# ABOUT THIS EXERCISE
Please return every line of the material verbatim and skip any images.

*** RECORDED INFORMATION Section Begins ***

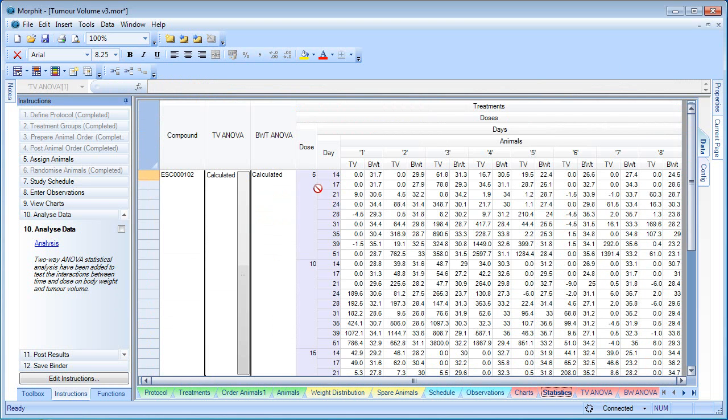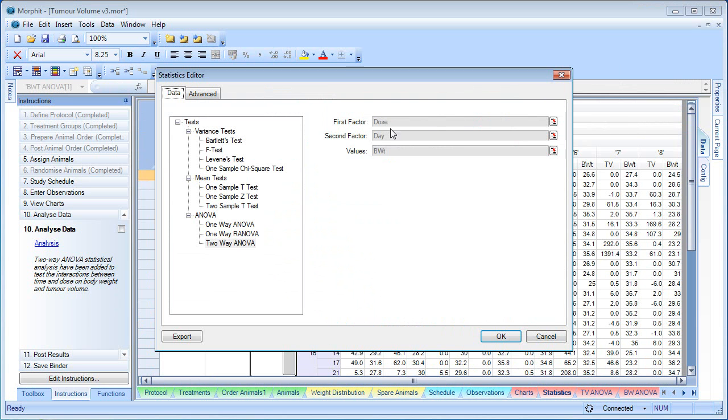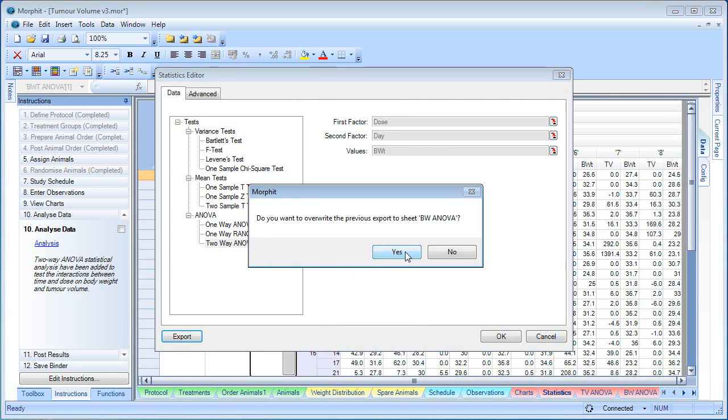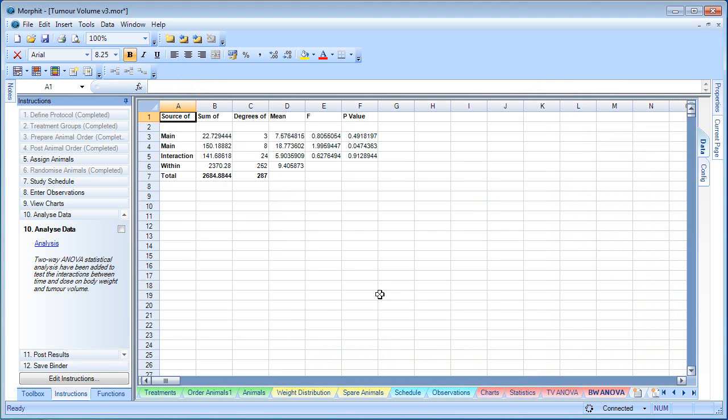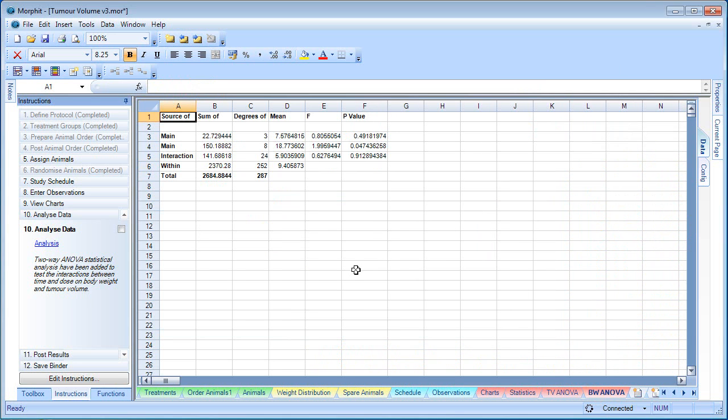If we go back to the statistics, we can do the same for body weight. Dose and day. So we now have our data.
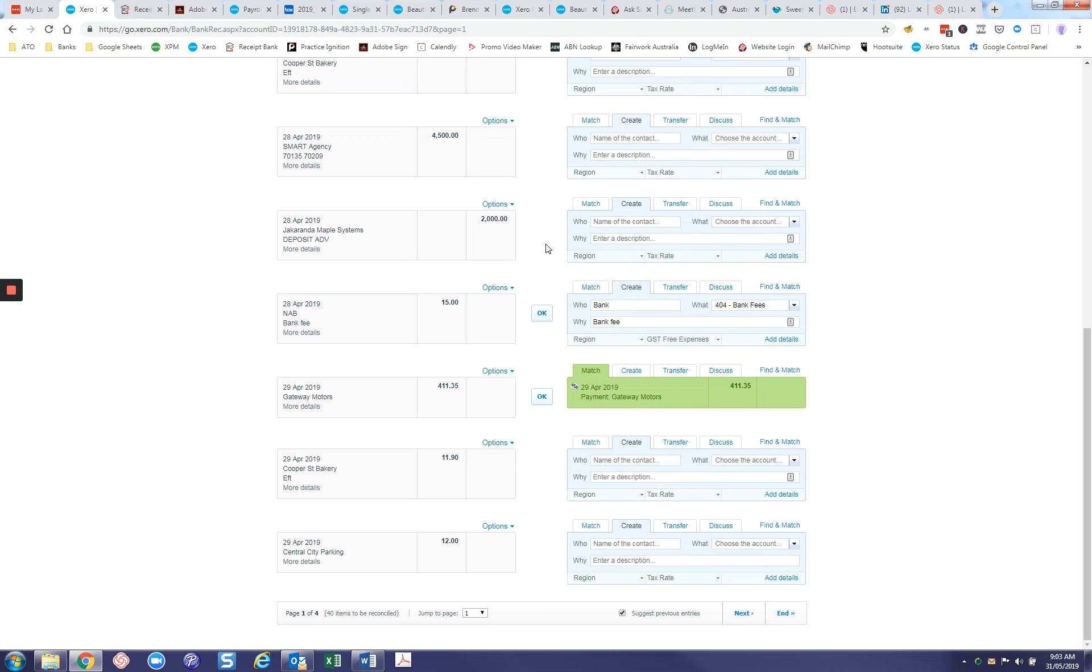That's how you create bank rules in Xero, a really quick and easy way to make your data entry more consistent and more efficient.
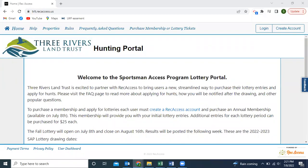Hey, everybody. Welcome to the tutorial video for the new Sportsman Access Program Lottery Portal. We have partnered up with Rec Access to bring everyone a new streamlined portal system so that you can manage your lottery tickets, your SAP membership, and so us on the back end can manage the lottery aspect of the program. I'm just going to run through a few things to make this introduction pretty quick and easy for everyone.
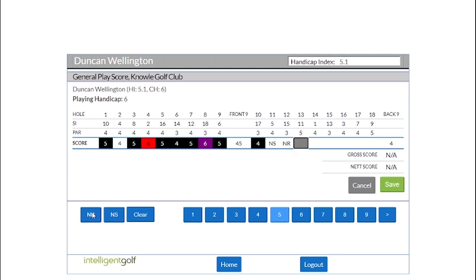The difference between these is that for a non-return, it will record a net double bogey for each hole.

*** RECORDED INFORMATION Section Ends ***

# ANSWER FOR THE TASK
If we go back to the statistics, we can do the same for body weight. Dose and day. So we now have our data.
That's how you create bank rules in Xero, a really quick and easy way to make your data entry more consistent and more efficient.
Hey, everybody. Welcome to the tutorial video for the new Sportsman Access Program Lottery Portal. We have partnered up with Rec Access to bring everyone a new streamlined portal system so that you can manage your lottery tickets, your SAP membership, and so us on the back end can manage the lottery aspect of the program. I'm just going to run through a few things to make this introduction pretty quick and easy for everyone.
The difference between these is that for a non-return, it will record a net double bogey for each hole.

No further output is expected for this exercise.